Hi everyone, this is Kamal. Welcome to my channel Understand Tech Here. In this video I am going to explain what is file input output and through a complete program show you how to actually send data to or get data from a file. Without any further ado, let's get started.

________

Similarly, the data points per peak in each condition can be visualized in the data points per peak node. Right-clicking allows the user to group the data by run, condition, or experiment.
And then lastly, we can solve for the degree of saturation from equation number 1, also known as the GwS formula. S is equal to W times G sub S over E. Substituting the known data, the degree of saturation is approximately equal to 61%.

________

▶ **Instructions for the task**: Which of the lines in the material carry the string "from"? Pull them out.

▶ **Output for this task**:
Hi everyone, this is Kamal. Welcome to my channel Understand Tech Here. In this video I am going to explain what is file input output and through a complete program show you how to actually send data to or get data from a file. Without any further ado, let's get started.
And then lastly, we can solve for the degree of saturation from equation number 1, also known as the GwS formula. S is equal to W times G sub S over E. Substituting the known data, the degree of saturation is approximately equal to 61%.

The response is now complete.